-- AVAILABLE DATA --
--- START ---

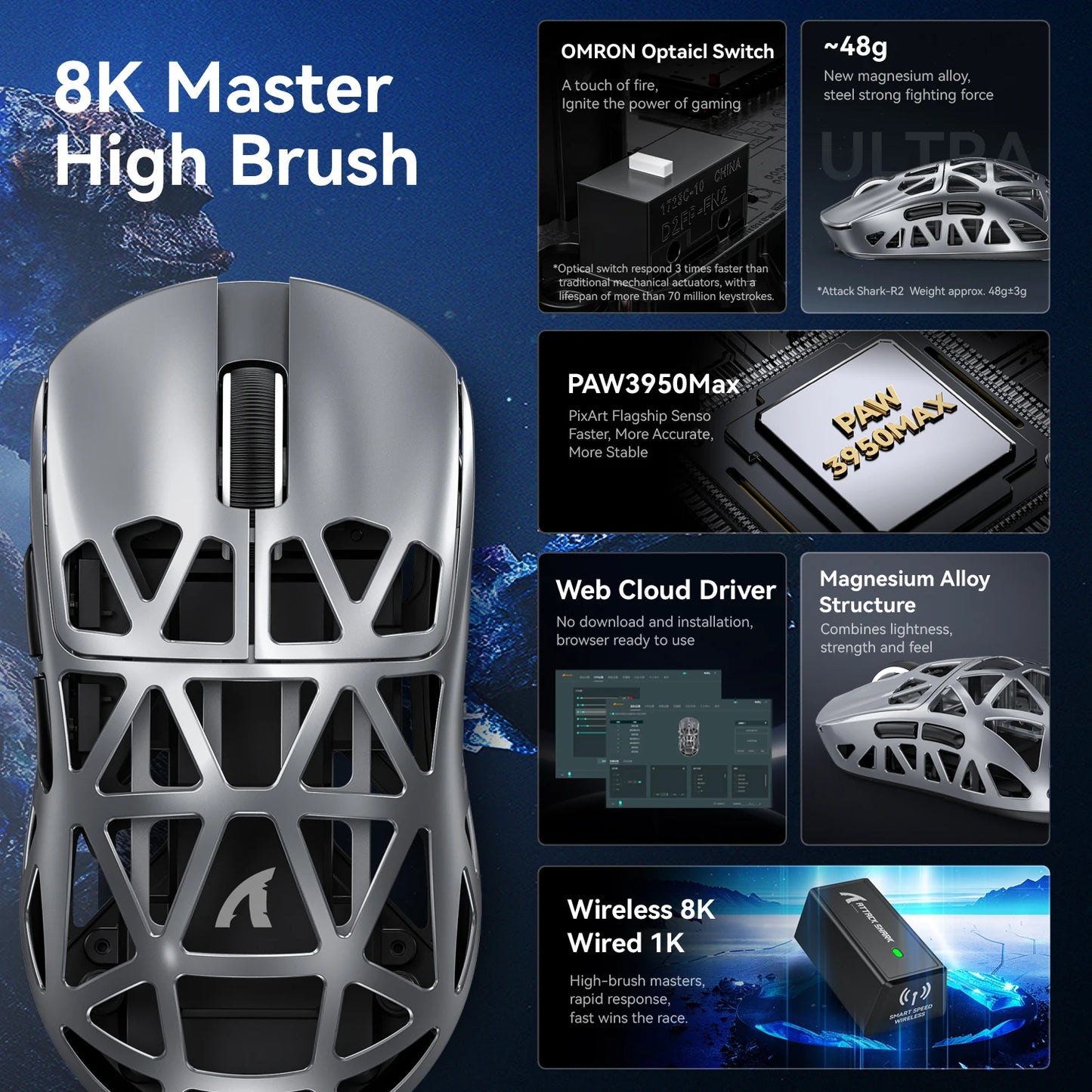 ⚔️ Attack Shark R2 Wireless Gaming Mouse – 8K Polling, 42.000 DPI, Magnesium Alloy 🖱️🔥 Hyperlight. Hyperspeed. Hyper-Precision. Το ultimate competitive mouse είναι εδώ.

--- END ---
--- START ---

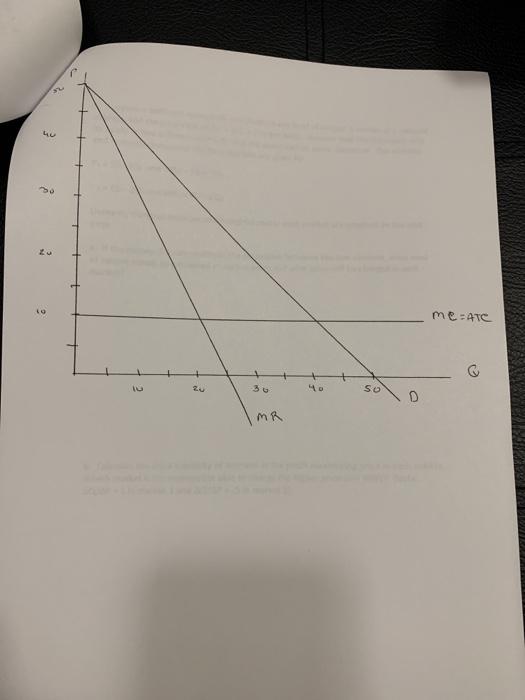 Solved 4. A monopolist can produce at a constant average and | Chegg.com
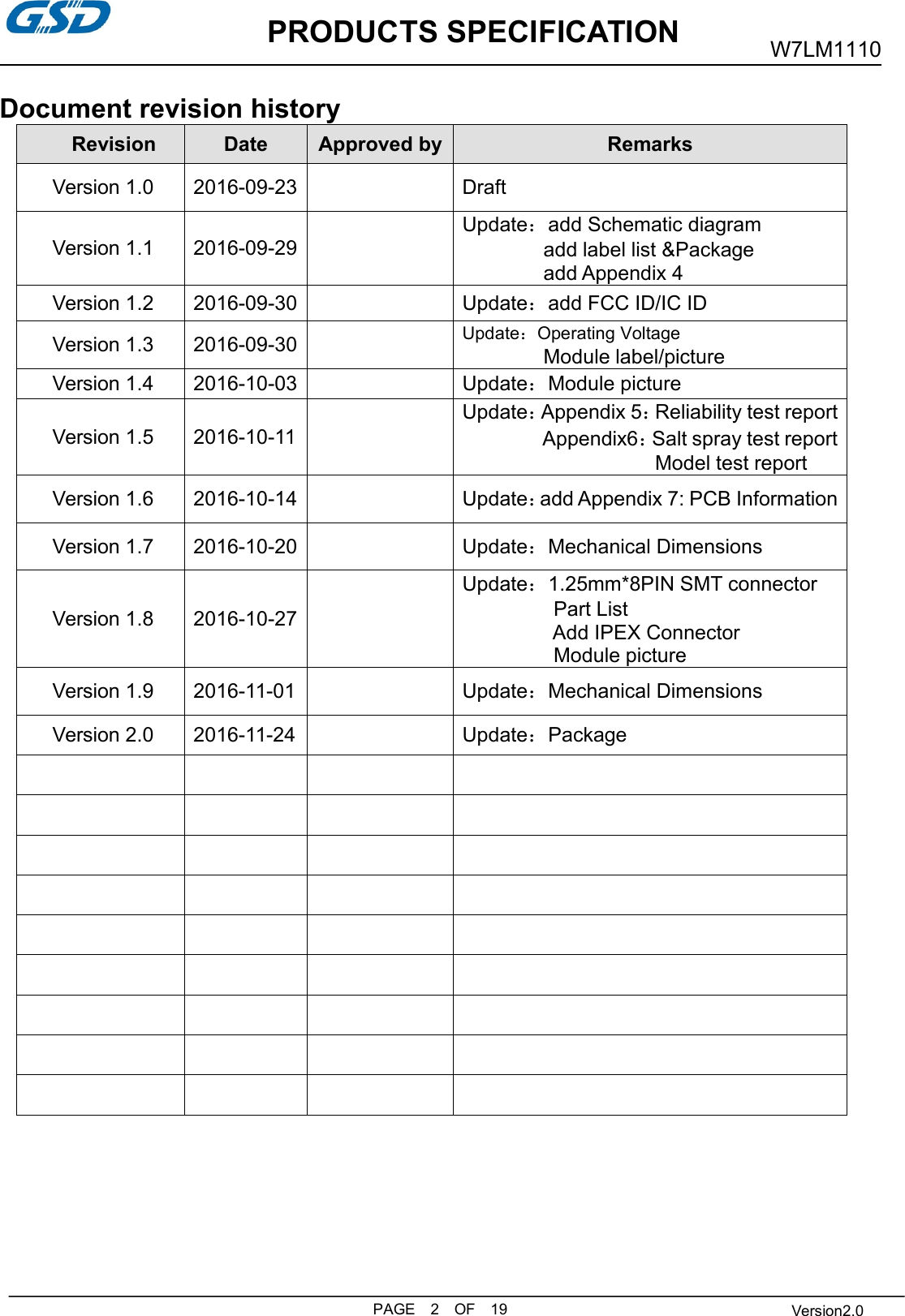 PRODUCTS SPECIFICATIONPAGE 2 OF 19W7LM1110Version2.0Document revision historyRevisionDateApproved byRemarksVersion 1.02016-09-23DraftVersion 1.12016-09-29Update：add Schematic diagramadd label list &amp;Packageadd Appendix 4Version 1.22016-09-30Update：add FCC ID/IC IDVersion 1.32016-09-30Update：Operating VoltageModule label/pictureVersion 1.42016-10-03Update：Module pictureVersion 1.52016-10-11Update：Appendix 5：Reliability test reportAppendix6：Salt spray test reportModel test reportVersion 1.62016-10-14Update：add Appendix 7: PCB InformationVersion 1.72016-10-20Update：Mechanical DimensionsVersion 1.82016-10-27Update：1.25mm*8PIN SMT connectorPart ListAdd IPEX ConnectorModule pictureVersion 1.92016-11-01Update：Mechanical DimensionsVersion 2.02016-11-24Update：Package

--- END ---
--- START ---

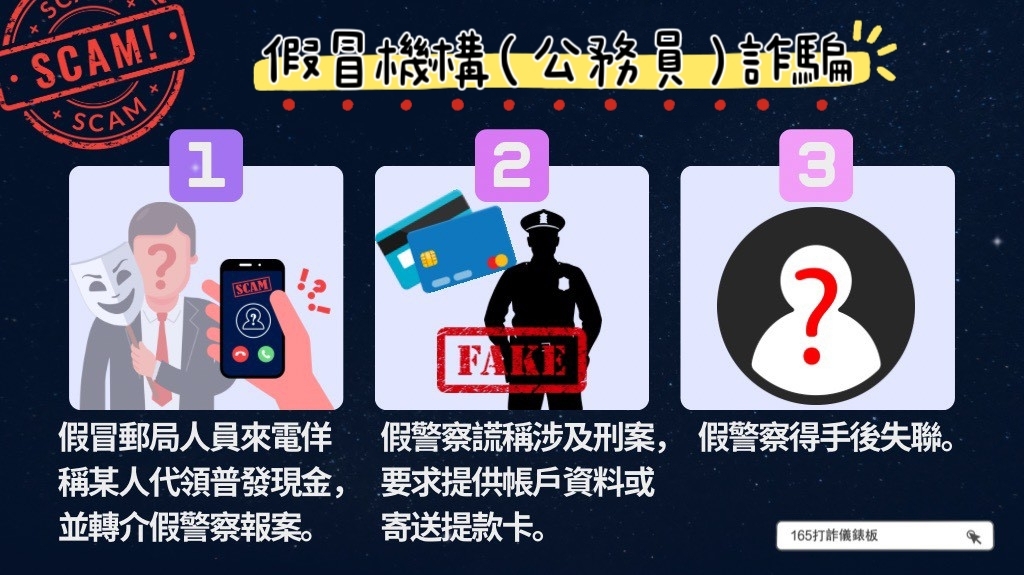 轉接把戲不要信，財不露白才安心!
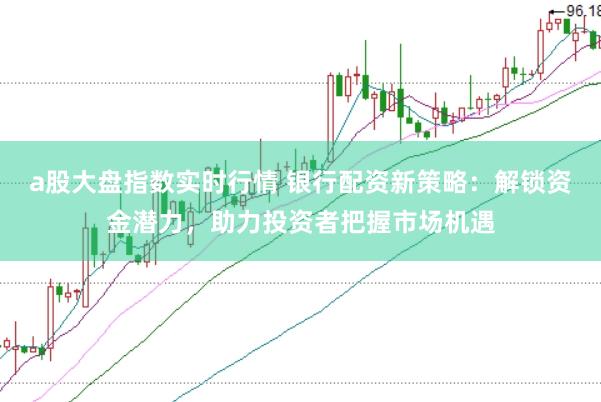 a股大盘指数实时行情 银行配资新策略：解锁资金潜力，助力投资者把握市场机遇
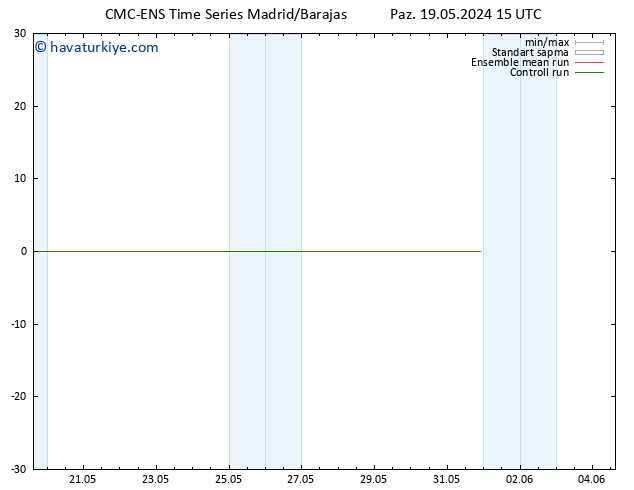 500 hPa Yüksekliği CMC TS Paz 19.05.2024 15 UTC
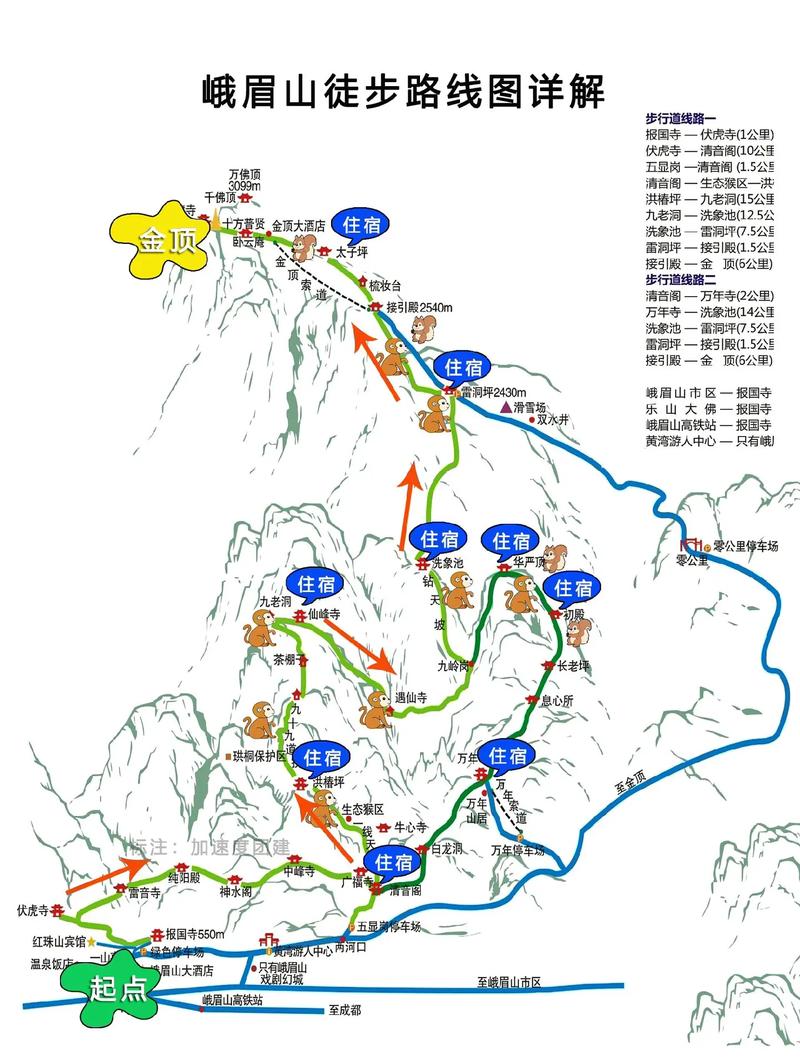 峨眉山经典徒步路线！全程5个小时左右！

--- END ---

-- WHAT YOU SHOULD DO --
Beginning at the line above that contains "Solved 4. A" and going on through the line that contains "PRODUCTS SPECIFICATIONPAGE 2", please copy every line exactly, leaving the pictures out and adding nothing.

-- RESPONSE BELOW --
 Solved 4. A monopolist can produce at a constant average and | Chegg.com
 PRODUCTS SPECIFICATIONPAGE 2 OF 19W7LM1110Version2.0Document revision historyRevisionDateApproved byRemarksVersion 1.02016-09-23DraftVersion 1.12016-09-29Update：add Schematic diagramadd label list &amp;Packageadd Appendix 4Version 1.22016-09-30Update：add FCC ID/IC IDVersion 1.32016-09-30Update：Operating VoltageModule label/pictureVersion 1.42016-10-03Update：Module pictureVersion 1.52016-10-11Update：Appendix 5：Reliability test reportAppendix6：Salt spray test reportModel test reportVersion 1.62016-10-14Update：add Appendix 7: PCB InformationVersion 1.72016-10-20Update：Mechanical DimensionsVersion 1.82016-10-27Update：1.25mm*8PIN SMT connectorPart ListAdd IPEX ConnectorModule pictureVersion 1.92016-11-01Update：Mechanical DimensionsVersion 2.02016-11-24Update：Package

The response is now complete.